===== Provided material =====
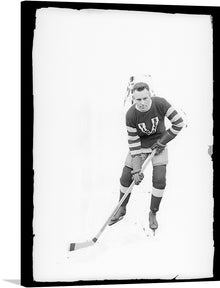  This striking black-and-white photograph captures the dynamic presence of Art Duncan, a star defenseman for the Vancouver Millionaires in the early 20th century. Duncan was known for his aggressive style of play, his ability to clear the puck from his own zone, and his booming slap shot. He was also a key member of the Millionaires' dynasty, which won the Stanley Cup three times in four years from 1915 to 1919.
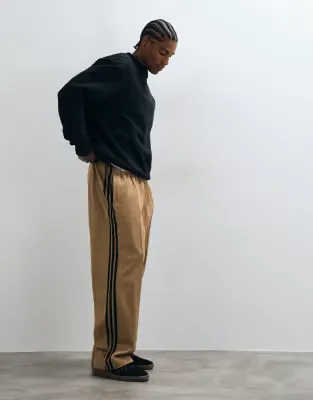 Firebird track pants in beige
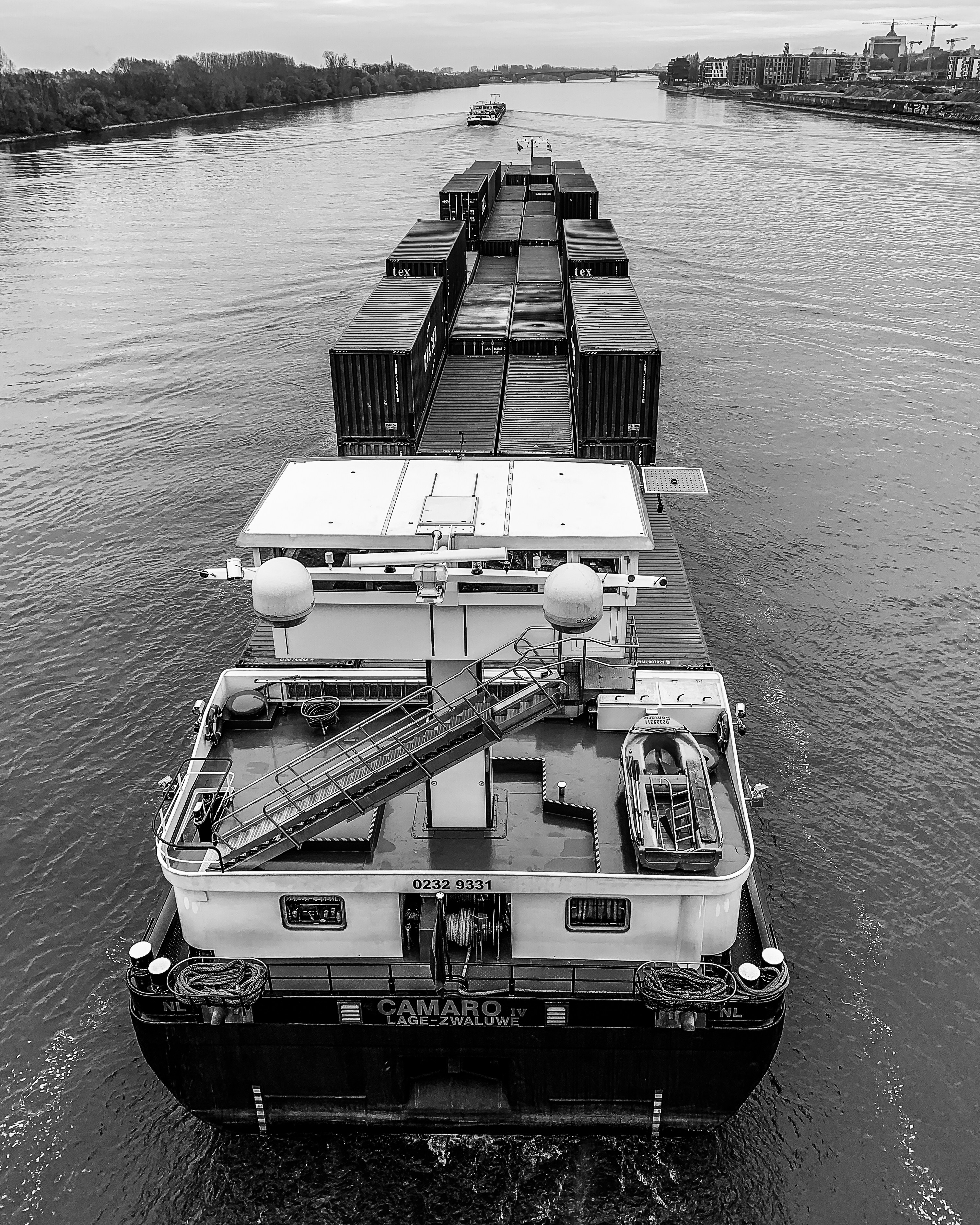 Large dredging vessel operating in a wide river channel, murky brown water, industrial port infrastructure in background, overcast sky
=====
**Task**:
Copy out the lines above unchanged. Skip the images.

**Task solution**:
  This striking black-and-white photograph captures the dynamic presence of Art Duncan, a star defenseman for the Vancouver Millionaires in the early 20th century. Duncan was known for his aggressive style of play, his ability to clear the puck from his own zone, and his booming slap shot. He was also a key member of the Millionaires' dynasty, which won the Stanley Cup three times in four years from 1915 to 1919.
 Firebird track pants in beige
 Large dredging vessel operating in a wide river channel, murky brown water, industrial port infrastructure in background, overcast sky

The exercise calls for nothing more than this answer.